Homeostatic regulation of T cell trafficking by a B cell–derived peptide is impaired in autoimmune and chronic inflammatory disease

Myriam Chimen, Helen M McGettrick, Bonita Apta, Sahithi J Kuravi, Clara M Yates, Amy Kennedy, Arjun Odedra, Mohammed Alassiri, Matthew Harrison, Ashley Martin, Francesca Barone, Saba Nayar, Jessica R Hitchcock, Adam F Cunningham, Karim Raza, Andrew Filer, David A Copland, Andrew D Dick, Joseph Robinson, Neena Kalia, Lucy S K Walker, Christopher D Buckley, Gerard B Nash, Parth Narendran, G Ed Rainger

During an inflammatory response, lymphocyte recruitment into tissue must be tightly controlled because dysregulated trafficking contributes to the pathogenesis of chronic disease.
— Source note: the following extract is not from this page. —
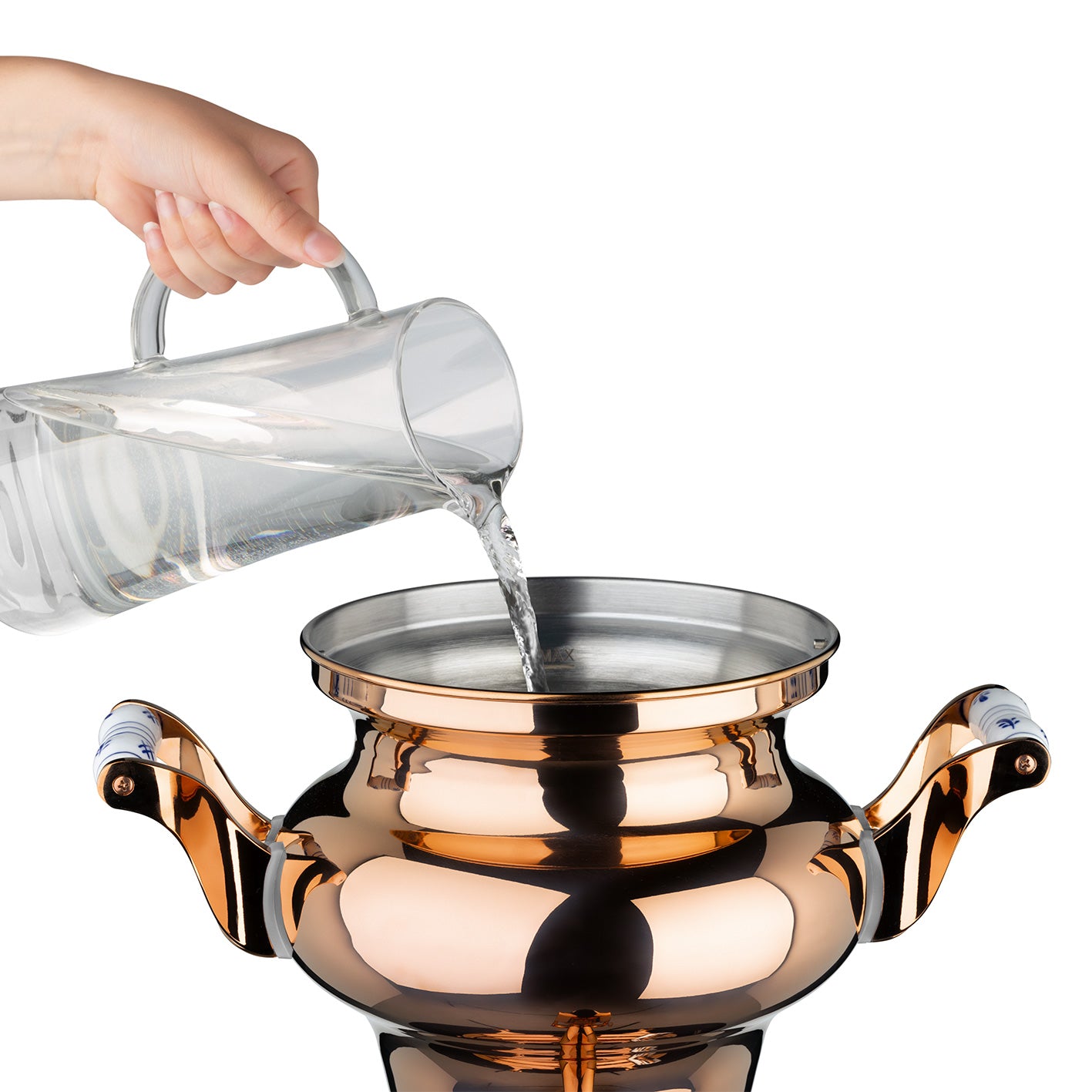 Samowar Rebecca mit Dispenser - Edelstahl/rose wird mit Wasser befüllt, glänzender Edelstahl im zarten Rosé Design sichtbar.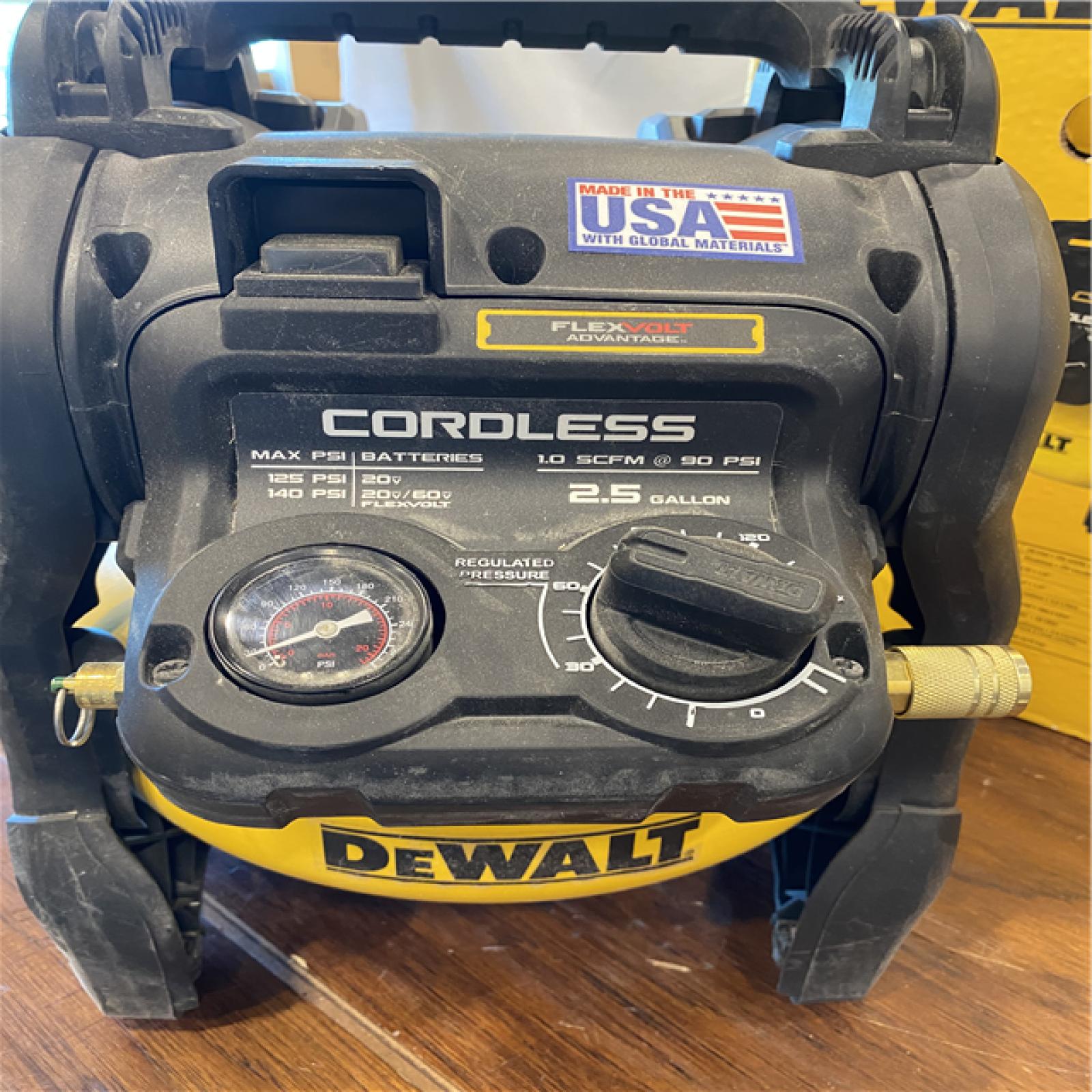 AS-IS DEWALT 20V MAX* 2-1/2 Gal. Brushless Cordless Air Compressor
Here we show that during inflammation and in response to adiponectin, B cells tonically inhibit T cell trafficking by secreting a peptide (PEPITEM) proteolytically derived from 14.3.3 zeta delta (14.3.3.ζδ) protein. PEPITEM binds cadherin-15 on endothelial cells, promoting synthesis and release of sphingosine-1 phosphate, which inhibits trafficking of T cells without affecting recruitment of other leukocytes. Expression of adiponectin receptors on B cells and adiponectin-induced PEPITEM secretion wanes with age, implying immune senescence of the pathway. Additionally, these changes are evident in individuals with type 1 diabetes or rheumatoid arthritis, and circulating PEPITEM in patient serum is reduced compared to that of healthy age-matched donors. In both diseases, tonic inhibition of T cell trafficking across inflamed endothelium is lost. Control of patient T cell trafficking is re-established by treatment with exogenous PEPITEM. Moreover, in animal models of peritonitis, hepatic ischemia-reperfusion injury, Salmonella infection, uveitis and Sjögren's syndrome, PEPITEM reduced T cell recruitment into inflamed tissues.